Don’t know what is more incredible. That humans were able to get to the moon and back with the engineering done by slide rule and pencil or that all of the technology that ensued has, among much else, enabled beliefs such as the above. If it is on the internet it must be true…
Norman Mailer’s brilliant reportage of Armstrong, Aldrin, and Collins’ trip to the moon and back was prescient even regarding technical advance and the associated epiphenomenal states of mind that followed (NB This was 1969):
“Computers the size of a package of cigarettes would then be able to do the work of present computers the size of a trunk.”
“Because the computer was the essence of Narcissism (the computer could not conceive of its inability to correct its own mistakes) a view of (the future) suggested a technological narcissism so great that freak newspeak was its only cure.”
“So the mind could race ahead to see computers programming go-to-school routes in the nose of every kiddie car – the paranoid mind could see crystal transmitters sewn into the rump of every juvenile delinquent – doubtless, everybody would be easier to monitor.”
Impressive, huh.
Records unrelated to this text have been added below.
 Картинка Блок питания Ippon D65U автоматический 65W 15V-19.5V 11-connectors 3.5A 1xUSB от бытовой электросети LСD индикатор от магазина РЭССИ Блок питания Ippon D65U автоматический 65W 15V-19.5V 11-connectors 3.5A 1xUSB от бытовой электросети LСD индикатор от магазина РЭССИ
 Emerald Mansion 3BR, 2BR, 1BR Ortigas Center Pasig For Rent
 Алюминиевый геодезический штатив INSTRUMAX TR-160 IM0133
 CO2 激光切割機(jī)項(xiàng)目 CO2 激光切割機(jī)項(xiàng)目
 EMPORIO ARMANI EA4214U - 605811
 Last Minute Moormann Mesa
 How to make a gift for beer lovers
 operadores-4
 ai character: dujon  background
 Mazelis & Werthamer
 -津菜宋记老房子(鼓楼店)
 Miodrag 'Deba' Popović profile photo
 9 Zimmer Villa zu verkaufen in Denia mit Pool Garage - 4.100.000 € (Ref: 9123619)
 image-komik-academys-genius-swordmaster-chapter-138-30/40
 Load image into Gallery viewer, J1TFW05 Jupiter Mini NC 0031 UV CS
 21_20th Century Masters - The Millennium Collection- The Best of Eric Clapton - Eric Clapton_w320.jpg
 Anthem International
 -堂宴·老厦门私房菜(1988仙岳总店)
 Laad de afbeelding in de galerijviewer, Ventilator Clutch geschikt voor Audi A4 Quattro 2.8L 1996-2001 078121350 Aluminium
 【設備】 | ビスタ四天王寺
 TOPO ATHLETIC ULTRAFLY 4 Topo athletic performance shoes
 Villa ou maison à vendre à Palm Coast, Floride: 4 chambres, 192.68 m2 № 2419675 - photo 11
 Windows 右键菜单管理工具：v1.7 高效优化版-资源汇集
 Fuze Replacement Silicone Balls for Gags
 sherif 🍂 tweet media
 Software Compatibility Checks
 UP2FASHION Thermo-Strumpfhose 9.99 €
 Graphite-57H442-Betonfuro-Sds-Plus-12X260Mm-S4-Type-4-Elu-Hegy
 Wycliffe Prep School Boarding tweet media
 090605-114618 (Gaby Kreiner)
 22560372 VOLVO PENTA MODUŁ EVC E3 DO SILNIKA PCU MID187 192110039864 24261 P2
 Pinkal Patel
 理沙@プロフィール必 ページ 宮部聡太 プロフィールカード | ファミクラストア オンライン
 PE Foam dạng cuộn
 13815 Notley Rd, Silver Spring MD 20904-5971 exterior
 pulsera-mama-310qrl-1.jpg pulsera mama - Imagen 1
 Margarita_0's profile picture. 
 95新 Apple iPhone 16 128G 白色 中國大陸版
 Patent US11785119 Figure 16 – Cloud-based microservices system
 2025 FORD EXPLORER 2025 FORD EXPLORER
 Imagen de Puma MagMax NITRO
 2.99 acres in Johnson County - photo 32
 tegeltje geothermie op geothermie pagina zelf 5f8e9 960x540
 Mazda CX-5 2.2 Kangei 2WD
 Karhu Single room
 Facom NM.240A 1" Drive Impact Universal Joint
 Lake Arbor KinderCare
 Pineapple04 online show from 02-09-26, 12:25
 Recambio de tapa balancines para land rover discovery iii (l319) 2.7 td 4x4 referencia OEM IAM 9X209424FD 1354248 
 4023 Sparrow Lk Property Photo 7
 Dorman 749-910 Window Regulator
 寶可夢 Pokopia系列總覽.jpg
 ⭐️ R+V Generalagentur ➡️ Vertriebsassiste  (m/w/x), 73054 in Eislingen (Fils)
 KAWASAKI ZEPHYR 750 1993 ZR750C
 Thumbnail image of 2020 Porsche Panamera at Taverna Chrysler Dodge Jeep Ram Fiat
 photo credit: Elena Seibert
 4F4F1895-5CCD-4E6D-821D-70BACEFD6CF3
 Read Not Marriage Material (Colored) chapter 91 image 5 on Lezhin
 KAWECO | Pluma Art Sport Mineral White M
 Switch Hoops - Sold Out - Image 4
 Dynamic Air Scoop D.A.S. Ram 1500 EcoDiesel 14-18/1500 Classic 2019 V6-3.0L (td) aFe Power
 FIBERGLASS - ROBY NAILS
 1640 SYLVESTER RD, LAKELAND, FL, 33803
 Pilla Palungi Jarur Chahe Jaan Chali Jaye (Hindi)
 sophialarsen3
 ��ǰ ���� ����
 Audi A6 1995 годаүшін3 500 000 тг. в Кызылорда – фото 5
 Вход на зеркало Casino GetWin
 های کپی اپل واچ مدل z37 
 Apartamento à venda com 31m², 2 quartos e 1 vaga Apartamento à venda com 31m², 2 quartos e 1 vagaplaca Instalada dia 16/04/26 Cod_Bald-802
But the book – Of a Fire on the Moon – is much more than that. The author presents himself as the zeitgeist. An uber zeitgeist. He even calls himself ‘Aquarius” (as in “The Age of …”) a move so brazen that failure was virtually assured. But he succeeds. He succeeds by not allowing his perspicacity to overshadow his humanity.
“(The writer was) beginning to observe as if he were invisible. A danger sign. Only the very best and worst novelists can write as if they are invisible.”
Mailer is in no way here invisible. We are with him as his fourth marriage unwinds.
We are with him at the launch. In great detail he describes the physics, chemistry, and engineering of rockets and propulsion which in no way prepares us for the event:
“Then it came… Aquarius shook through his feet at the fury of the combat assault, and heard the thunderous murmur of Niagaras of flame roaring conceivable louder than the loudest thunders he had ever heard and the earth began to shake and would not stop, it quivered through his feet … an apocalyptic fury of sound equal to some conception of the sound of your death… Oh my God! Oh my God! Oh my God! Oh my God!…”
And that’s only a snippet.
Also, it is impossible in this short bit to give any sense for the depth and breadth of knowledge Mailer is able to bring to bear.
A short example:
“(The writer) had been devoted to painting for close to thirty years; an amateur of the mysteries of form, it took him close the thirty years to comprehend why Cezanne was the father of modern art and godfather to photographs of the far side of the moon.”
And finally, his take on point of view:
“It was a terror to write if one wished to speak of important matters and did not know if one was qualified – sometimes the depressions helped to give sanction to the verdicts taken. It was not so unreasonable. The question is whether it is better to trust a judge who travels through the desolations before passing sentence, or a jurist who has a good meal, a romp with his mistress, a fine night of sleep, and a penalty of death in the morning for the highwayman.”